## Your objective
In the listing that follows, find the line with "In this video, we", then copy exactly from it through the line with "And with the", leaving out every picture.

## Information given
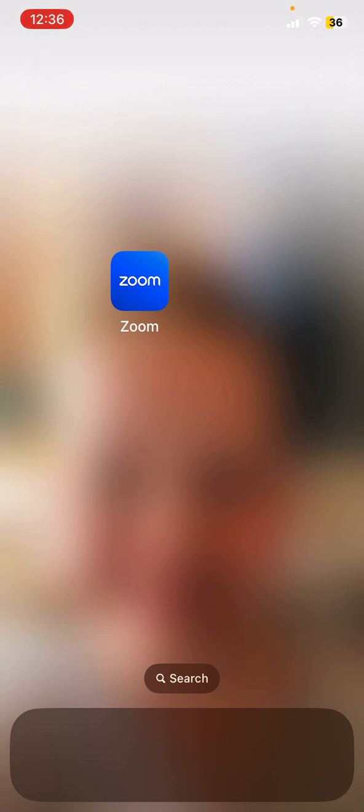When you're joining a Zoom meeting from mobile, you probably want to start with your video camera turned off and you probably want to mute yourself as soon as you join the meeting. You can always unmute yourself and turn your camera on if you want.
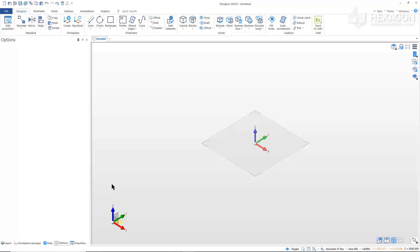Welcome to another Designer Getting Started video. In today's video, we are going to look at Exercise 4, Advanced Direct Modeling from the Designer Training Guide. You will be able to follow along using the Training Guide starting on page 36.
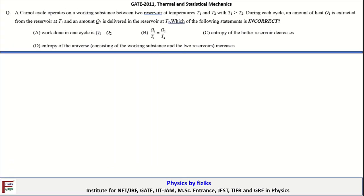In this video, we are going to discuss numerical problems in thermal and statistical mechanics which appeared in GATE 2011 exam. Let's take a look at the first problem.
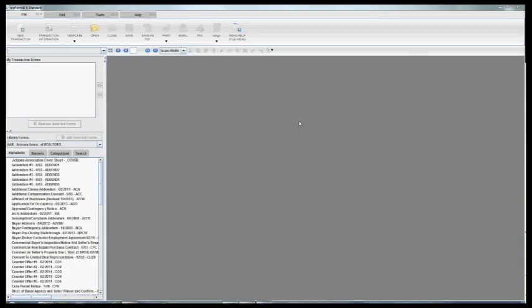Hi, this is Amanda Sue Eberson, Director of Communications and Technology at SAR. Today I'm going to show you a fun trick that you can do in ZipForm called MLS Connect.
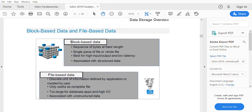The basic difference between these two: block-based data is a sequence of bytes at a fixed length. It may be a single piece of a file or a whole file. Block-based data is good for high IOPS and low latency, and is associated with structured data.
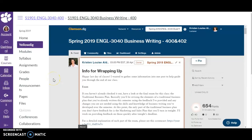Hi everybody, this is Dr. Claw and I am here to give you a basic overview of how to use Yellowdig. This will orient you and give you some tools to use it effectively.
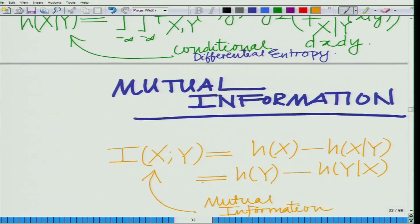So in this module, what we have seen is that we have extended the definitions of joint entropy, conditional entropy, and mutual information to continuous sources. These definitions are obtained as a parallel to the discrete case by replacing the entropies with differential entropies and the probabilities with the corresponding probability density functions. We will stop here and look at other aspects in subsequent modules. Thank you very much.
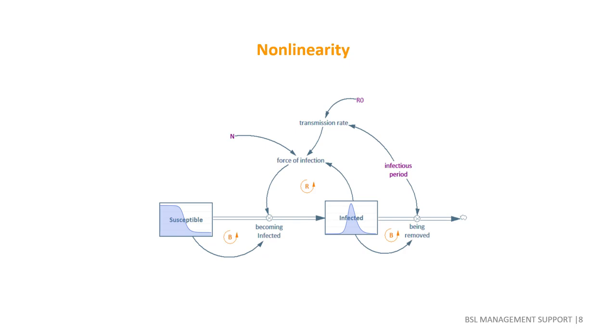In a nonlinear system, the dominant feedback loop driving the overall behavior can shift.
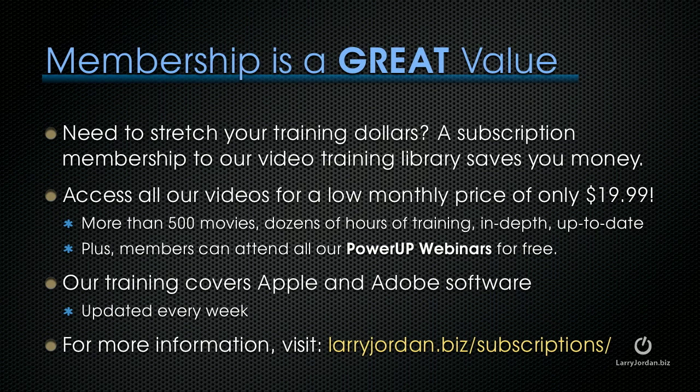If you need to stretch your training dollars, a subscription membership to our video training library saves you money. You can access all of our videos for a low monthly price of only $19.99. That's more than 500 movies, dozens of hours of training, all in-depth and up-to-date. Plus, members can attend any of our power-up webinars for free. Our training covers Apple and Adobe software updated every week, and for more information, visit LarryJordan.biz/subscriptions.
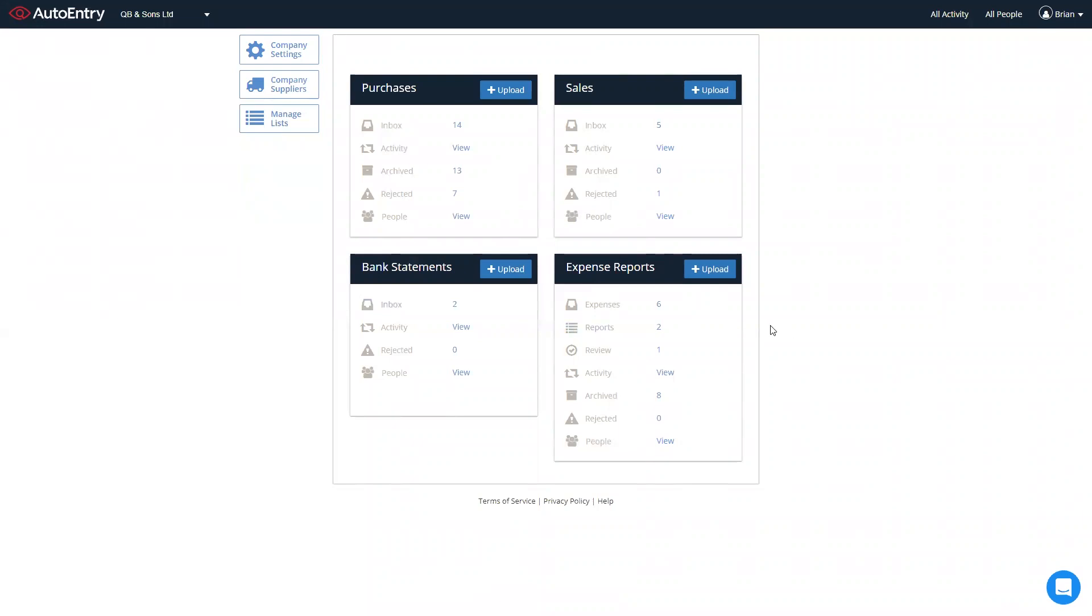And with the expense reports, allows you to upload expenses direct from your mobile phone through either App Store or Play Store. Submitters can then add them to expense reports, submit them for approval. Approvers can then approve them or cancel them, publishing them through to a purchase invoice that you can publish through to your accounts package.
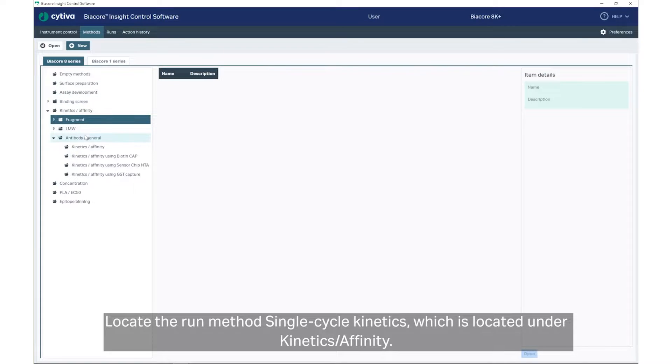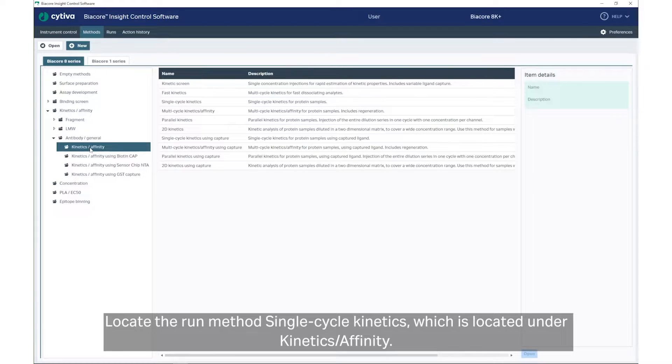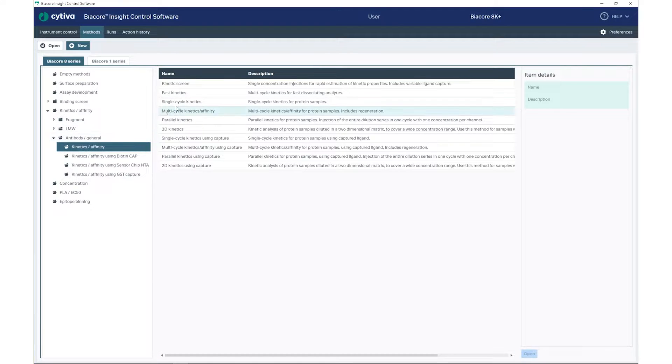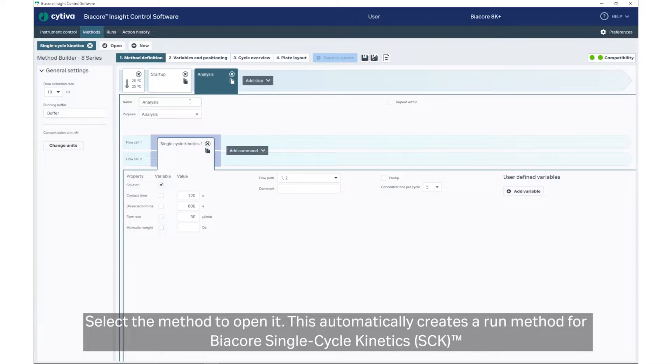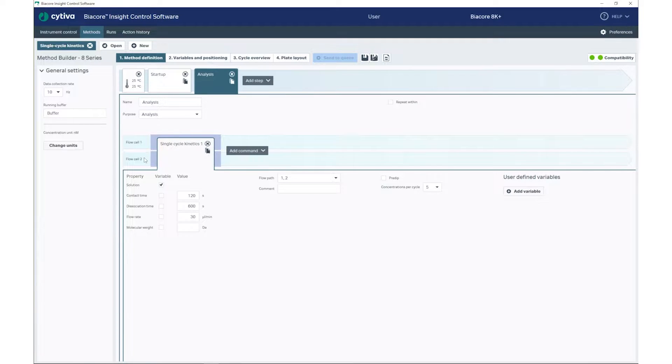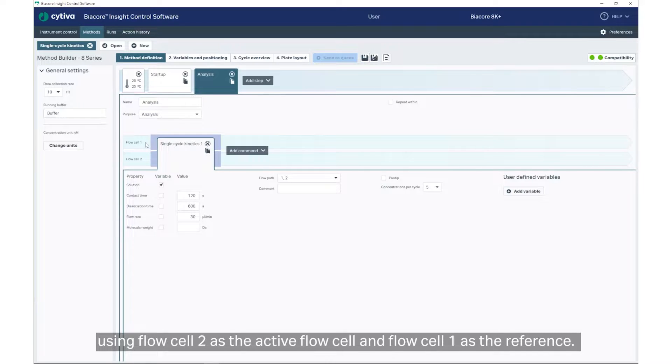Locate the run method, Single Cycle Kinetics, which is located under Kinetics/Affinity. Select the method to open it. This automatically creates a run method for Biacore Single Cycle Kinetics using FlowCell 2 as the active FlowCell and FlowCell 1 as the reference.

## Output for this task
In this video, we are going to discuss numerical problems in thermal and statistical mechanics which appeared in GATE 2011 exam. Let's take a look at the first problem.
Hi, this is Amanda Sue Eberson, Director of Communications and Technology at SAR. Today I'm going to show you a fun trick that you can do in ZipForm called MLS Connect.
The basic difference between these two: block-based data is a sequence of bytes at a fixed length. It may be a single piece of a file or a whole file. Block-based data is good for high IOPS and low latency, and is associated with structured data.
Hi everybody, this is Dr. Claw and I am here to give you a basic overview of how to use Yellowdig. This will orient you and give you some tools to use it effectively.
So in this module, what we have seen is that we have extended the definitions of joint entropy, conditional entropy, and mutual information to continuous sources. These definitions are obtained as a parallel to the discrete case by replacing the entropies with differential entropies and the probabilities with the corresponding probability density functions. We will stop here and look at other aspects in subsequent modules. Thank you very much.
In a nonlinear system, the dominant feedback loop driving the overall behavior can shift.
If you need to stretch your training dollars, a subscription membership to our video training library saves you money. You can access all of our videos for a low monthly price of only $19.99. That's more than 500 movies, dozens of hours of training, all in-depth and up-to-date. Plus, members can attend any of our power-up webinars for free. Our training covers Apple and Adobe software updated every week, and for more information, visit LarryJordan.biz/subscriptions.
And with the expense reports, allows you to upload expenses direct from your mobile phone through either App Store or Play Store. Submitters can then add them to expense reports, submit them for approval. Approvers can then approve them or cancel them, publishing them through to a purchase invoice that you can publish through to your accounts package.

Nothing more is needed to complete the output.